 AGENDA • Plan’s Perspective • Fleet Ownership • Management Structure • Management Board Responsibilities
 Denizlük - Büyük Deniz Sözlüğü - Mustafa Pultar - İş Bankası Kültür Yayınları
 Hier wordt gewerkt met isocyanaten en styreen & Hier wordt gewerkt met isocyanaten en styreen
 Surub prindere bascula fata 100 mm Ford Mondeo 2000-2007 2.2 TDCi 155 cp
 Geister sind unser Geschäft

· · · ·

— Instructions to follow —
Each line from the one containing "Denizlük - Büyük" through the end of the material should be restated word for word; leave out every line before it.

— Output below —
 Denizlük - Büyük Deniz Sözlüğü - Mustafa Pultar - İş Bankası Kültür Yayınları
 Hier wordt gewerkt met isocyanaten en styreen & Hier wordt gewerkt met isocyanaten en styreen
 Surub prindere bascula fata 100 mm Ford Mondeo 2000-2007 2.2 TDCi 155 cp
 Geister sind unser Geschäft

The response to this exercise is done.